Pictures do not belong in the copy; restate the records below word for word.

* **Crawled caption data**

══════════

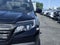 2017 Honda Ridgeline Black Edition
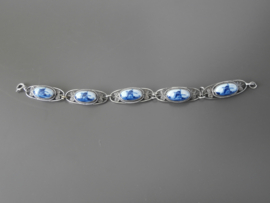 XS armband uit Atelier Verwoerd, 16 cm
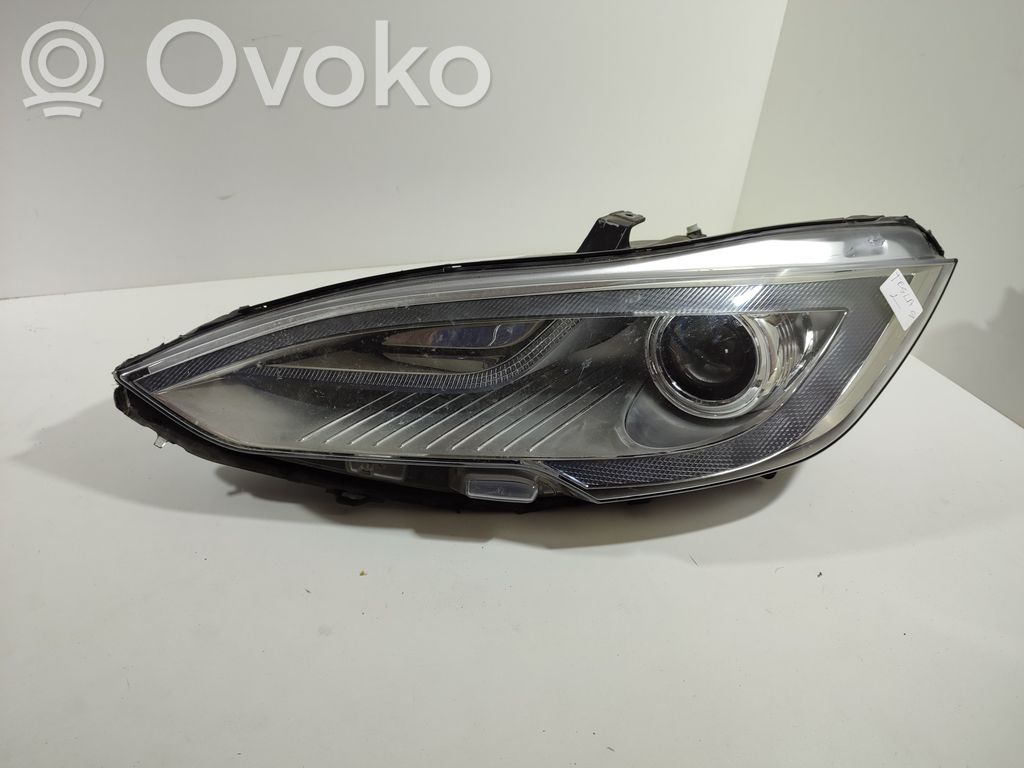Tesla Model S Headlight/headlamp 
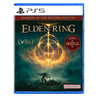 PS5 Elden Ring [Shadow of the Erdtree Edition] [Collector's Edition] (Asia)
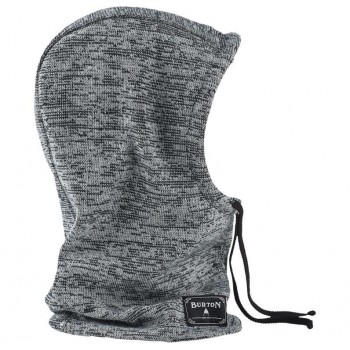 Башлык мужской Burton Hampshire Hood (15-16)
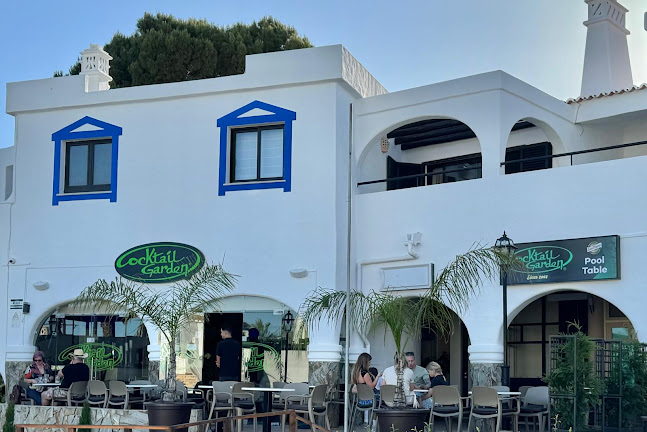 Comentarii opinii despre Bar Cocktail Garden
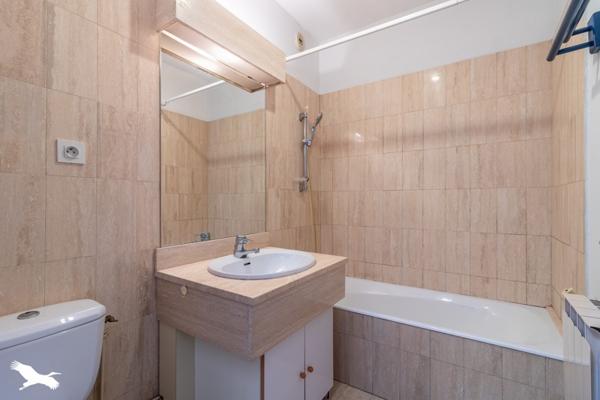 Appartement à vendre |  Biarritz |  2 pièces | 35 m²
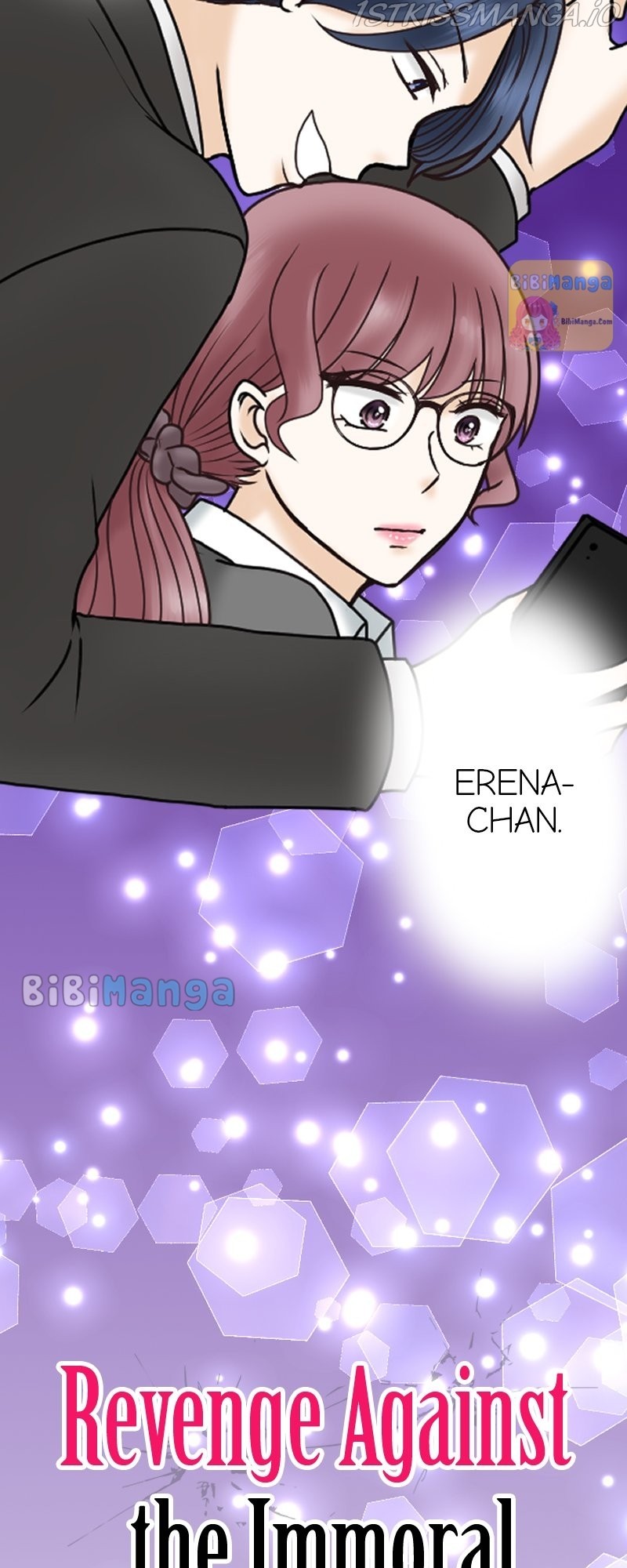 Revenge Against the Immoral chapter 30 - page 2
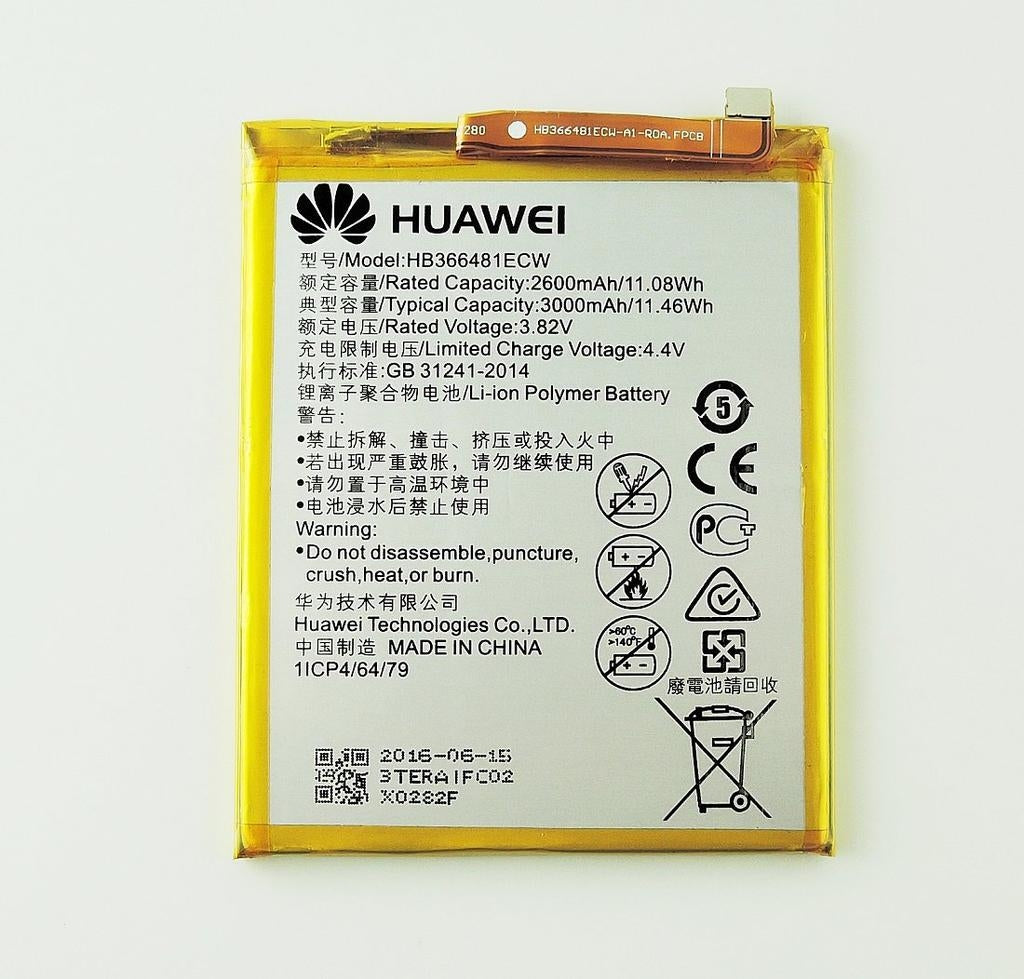 Honor 8/P9/P9 Lite/P10 Lite/P8 lite 2017 Battery Original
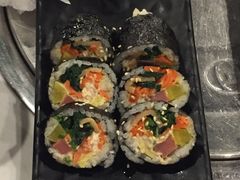 -郑阿姨的家·이모네·韩料&烤肉(武川路店)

══════════

* **Your solution**
 2017 Honda Ridgeline Black Edition
 XS armband uit Atelier Verwoerd, 16 cm
Tesla Model S Headlight/headlamp 
 PS5 Elden Ring [Shadow of the Erdtree Edition] [Collector's Edition] (Asia)
 Башлык мужской Burton Hampshire Hood (15-16)
 Comentarii opinii despre Bar Cocktail Garden
 Appartement à vendre |  Biarritz |  2 pièces | 35 m²
 Revenge Against the Immoral chapter 30 - page 2
 Honor 8/P9/P9 Lite/P10 Lite/P8 lite 2017 Battery Original
 -郑阿姨的家·이모네·韩料&烤肉(武川路店)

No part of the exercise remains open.